A dedicated climate debate
That broad disappointment has only deepened demands for a climate debate. The Democratic National Committee (DNC) recently poured cold water on calls for an official forum dedicated to climate issues, but many of those invested in climate action say such a format is the only way for the candidates to distinguish themselves on the issue — an unprecedented challenge which impacts everything from the economy to health care.
“It’s now more obvious than ever that we need a dedicated climate debate,” said Hymas. “The traditional debate format won’t give voters solid, specific information about how candidates would deal with the climate crisis.”
Not all climate advocates support a dedicated debate, but some have come around on the idea. Stokes admitted that she was initially apathetic but now feels a specific climate debate would give the issue the space it deserves.
“[During the debates] you saw that there was a real discussion of immigration… you had health care, in detail, you had people being pushed. These candidates had coherent ideas,” she said. “That did not happen for climate policy.”
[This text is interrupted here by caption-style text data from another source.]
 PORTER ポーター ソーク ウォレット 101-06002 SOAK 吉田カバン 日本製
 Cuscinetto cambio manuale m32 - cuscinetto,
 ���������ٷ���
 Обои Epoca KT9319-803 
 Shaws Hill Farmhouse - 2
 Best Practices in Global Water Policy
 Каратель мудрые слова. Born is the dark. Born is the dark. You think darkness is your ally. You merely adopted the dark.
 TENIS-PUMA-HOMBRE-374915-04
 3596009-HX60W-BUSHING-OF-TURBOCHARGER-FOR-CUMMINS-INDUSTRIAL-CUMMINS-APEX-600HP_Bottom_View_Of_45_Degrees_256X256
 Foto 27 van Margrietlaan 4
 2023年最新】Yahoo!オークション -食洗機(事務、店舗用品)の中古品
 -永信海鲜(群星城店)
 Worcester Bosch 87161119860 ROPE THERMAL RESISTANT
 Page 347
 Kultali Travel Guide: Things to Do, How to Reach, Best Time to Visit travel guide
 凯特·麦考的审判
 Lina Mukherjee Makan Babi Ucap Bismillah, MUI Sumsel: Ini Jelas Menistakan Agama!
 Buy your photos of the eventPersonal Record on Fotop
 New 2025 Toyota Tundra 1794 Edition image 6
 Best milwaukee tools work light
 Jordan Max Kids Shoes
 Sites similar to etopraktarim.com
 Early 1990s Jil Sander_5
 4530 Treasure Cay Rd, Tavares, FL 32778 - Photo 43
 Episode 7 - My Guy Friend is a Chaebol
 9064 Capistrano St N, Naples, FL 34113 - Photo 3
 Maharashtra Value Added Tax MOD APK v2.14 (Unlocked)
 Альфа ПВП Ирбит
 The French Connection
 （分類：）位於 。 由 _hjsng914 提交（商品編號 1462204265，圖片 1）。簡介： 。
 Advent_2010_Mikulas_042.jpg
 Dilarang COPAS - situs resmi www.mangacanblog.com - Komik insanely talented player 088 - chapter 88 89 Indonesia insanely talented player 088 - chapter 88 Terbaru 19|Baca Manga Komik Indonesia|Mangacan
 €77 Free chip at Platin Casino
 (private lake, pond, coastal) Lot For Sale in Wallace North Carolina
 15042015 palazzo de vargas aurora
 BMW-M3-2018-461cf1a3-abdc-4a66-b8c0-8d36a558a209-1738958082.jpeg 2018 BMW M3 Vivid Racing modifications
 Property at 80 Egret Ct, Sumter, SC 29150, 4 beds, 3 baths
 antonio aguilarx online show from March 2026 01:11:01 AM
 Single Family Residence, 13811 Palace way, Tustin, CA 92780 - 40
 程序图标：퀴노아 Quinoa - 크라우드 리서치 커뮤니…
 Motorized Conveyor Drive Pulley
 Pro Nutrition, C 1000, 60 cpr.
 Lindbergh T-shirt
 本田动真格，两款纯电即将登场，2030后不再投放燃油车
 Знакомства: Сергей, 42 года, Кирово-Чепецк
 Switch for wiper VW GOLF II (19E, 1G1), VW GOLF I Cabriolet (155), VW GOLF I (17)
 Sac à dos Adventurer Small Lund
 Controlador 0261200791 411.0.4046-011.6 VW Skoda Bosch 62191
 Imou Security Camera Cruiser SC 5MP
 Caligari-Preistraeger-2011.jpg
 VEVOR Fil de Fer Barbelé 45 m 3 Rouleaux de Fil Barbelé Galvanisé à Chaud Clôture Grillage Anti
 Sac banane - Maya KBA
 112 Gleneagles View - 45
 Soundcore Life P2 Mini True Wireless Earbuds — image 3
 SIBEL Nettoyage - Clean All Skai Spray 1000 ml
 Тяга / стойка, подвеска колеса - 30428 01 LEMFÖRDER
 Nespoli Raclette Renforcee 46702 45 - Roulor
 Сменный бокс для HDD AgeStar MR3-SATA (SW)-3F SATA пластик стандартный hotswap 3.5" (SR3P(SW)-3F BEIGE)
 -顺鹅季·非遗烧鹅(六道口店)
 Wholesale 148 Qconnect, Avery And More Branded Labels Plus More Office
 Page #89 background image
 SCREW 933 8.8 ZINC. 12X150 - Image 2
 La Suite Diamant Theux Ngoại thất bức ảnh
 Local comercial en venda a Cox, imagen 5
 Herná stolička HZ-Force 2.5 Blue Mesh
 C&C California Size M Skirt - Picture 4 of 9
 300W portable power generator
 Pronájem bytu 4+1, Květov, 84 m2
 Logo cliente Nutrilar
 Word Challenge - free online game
Stokes said that an effective climate debate would feature a moderator fluent in the issue and floated Chris Hayes of MSNBC. Hayes himself notably tweeted in support of a climate debate Thursday night, arguing that there is “no way to wrestle with” the scope of climate change in a general debate.
Most of the candidates are on their side. At least 15 Democratic contenders have said they would support a climate debate, including frontrunners like Warren, Sanders, and former Vice President Joe Biden. That’s likely because climate change is consistently polling as a leading issue for Democratic voters, a trend that has sparked significant action. In addition to rolling out extensive climate policy proposals, many contenders back the Green New Deal and 18 of the 20 who appeared in the debates this week have taken the No Fossil Fuel Money pledge swearing off fossil fuel donors.
Climate advocates say that should be enough for the DNC, and largely reject the committee’s assurances that the issue will be given precedence in general debates.
“There’s no good reason to believe that the networks and moderators running the debates will make climate change a priority,” said Hymas. “They’ve been neglecting climate change for years.”
Going into the next round of Democratic debates, pressure from advocates is only likely to rise. Stokes framed the issue using language that activists have leaned into while pushing the Green New Deal, arguing that a “war mobilization”-style effort is needed in order to meet climate change head-on. Stokes used the same wording to underscore the rationale behind a climate debate.
“If we were in the middle of a war,” she said, “you’d better believe we’d have a stand-alone debate.”